Mr. McBeevee

The Andy Griffith Show” is one of my favorite televisions shows. It isn’t just that it’s well written and well acted, it’s that it’s life affirming. It sends consistently positive messages about people’s potential for goodness. I’ve heard it characterized as saccharine. It isn’t though. The peace of Mayberry, the little town of which widower Andy Griffith is the sheriff, is repeatedly disturbed by drunkards, con men, and even violent criminals, to say nothing of jealousy, pettiness, and mistrust. Even Andy succumbs occasionally to mistrust.

There is an episode in the first season where Andy mistakenly assumes his son Opie’s reluctance to contribute to a charity to which all the other children in his school have given generously stems from selfishness, only to find out in the end that Opie has been saving his money to buy his girlfriend a coat because her family is too poor to buy one for her. There’s another episode where Andy assumes that Opie’s claim that he did not start a fire in the barn of a local farmer is a lie, only to find out later that Opie had been telling the truth, that the farmer had started the fire himself.
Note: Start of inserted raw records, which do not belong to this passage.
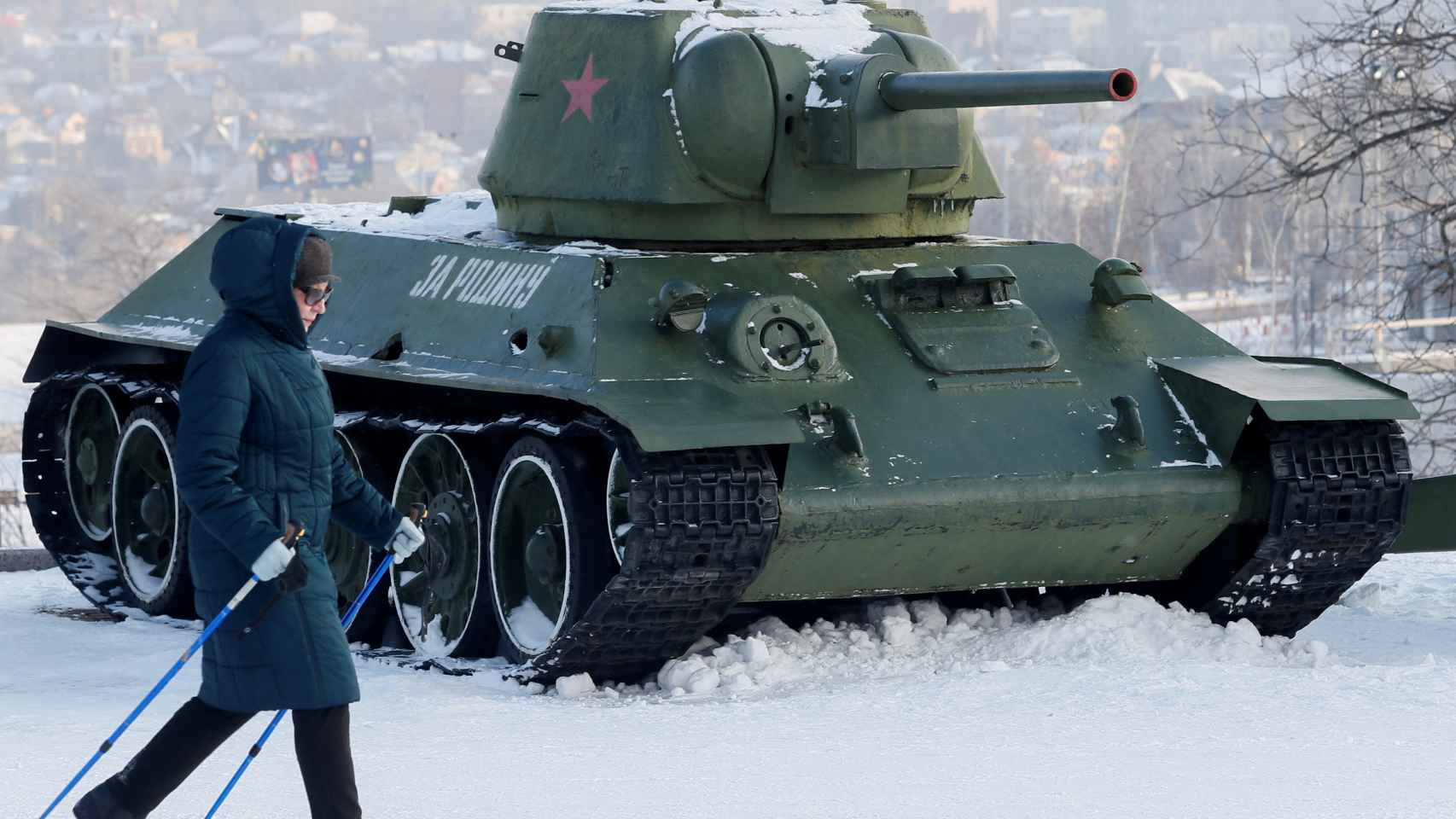Una mujer pasea junto a un tanque T-34 en Donetsk.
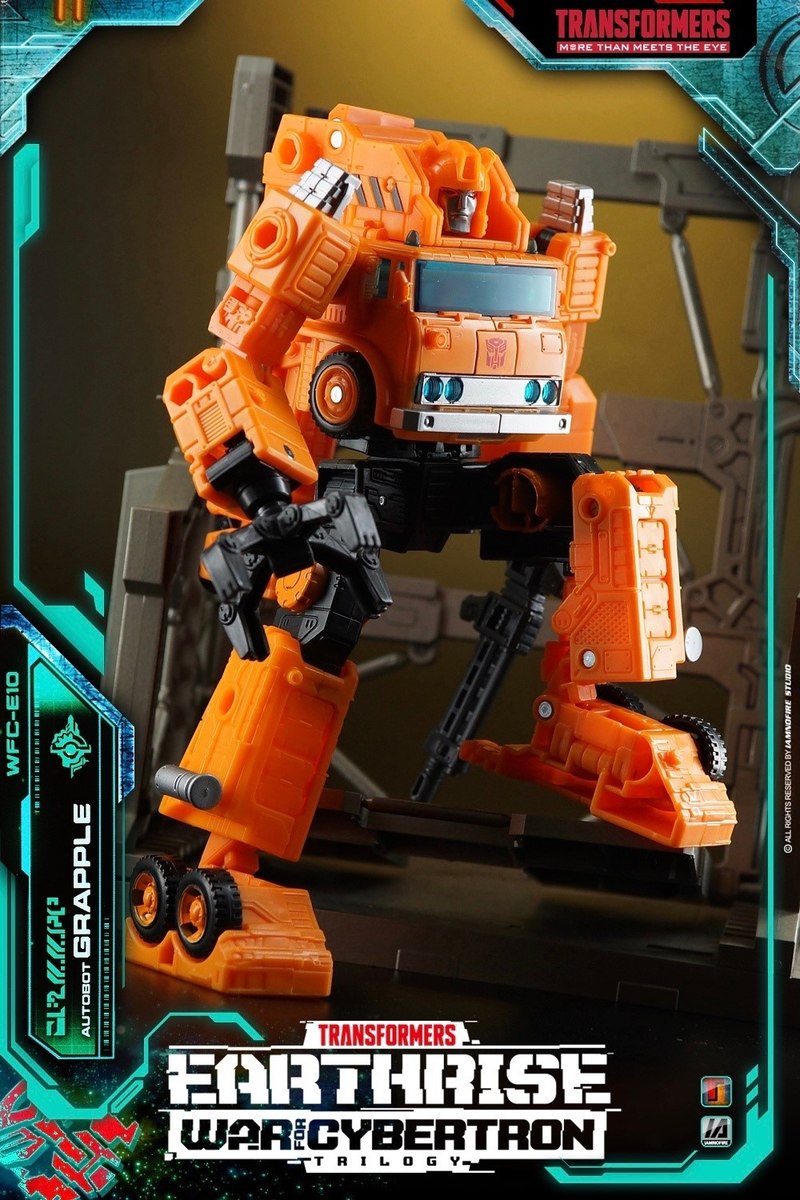 Earthrise%20Grapple%20Hi-Res%20Toy%20Pho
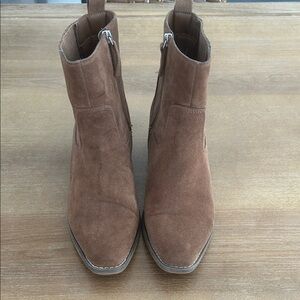 Tan suede ankle boots - Sz 9.5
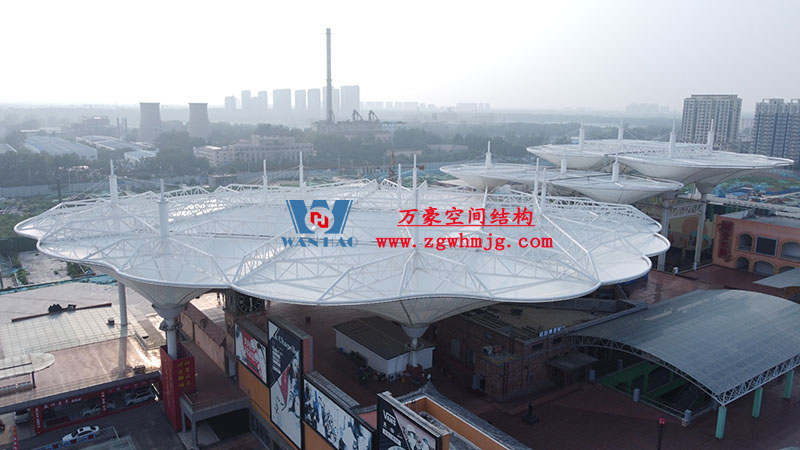 萬達(dá)廣場(chǎng)·歡樂小鎮(zhèn)精心打造歡樂小鎮(zhèn)屋頂文化公園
My favorite episode, and the one that has occasioned this post, is the first one from the third season. The episode is entitled “Mr. McBeevee.” The opening scene is of Opie riding his imaginary horse, Blackie. Later Opie tells his father that he can’t help him clean the Sheriff’s office because he has to help his new friend Mr. McBeevee, a man who, he explains, wears a shiny silver hat, walks about in the treetops, jingles as if he were wearing bells, and can blow smoke out of his ears.

Both Andy and his faithful sidekick Deputy Barney Fife assume, from this description, that Mr. McBeevee is as imaginary as was Opie’s horse Blackie. Opie insists, however, that Mr. McBeevee is real.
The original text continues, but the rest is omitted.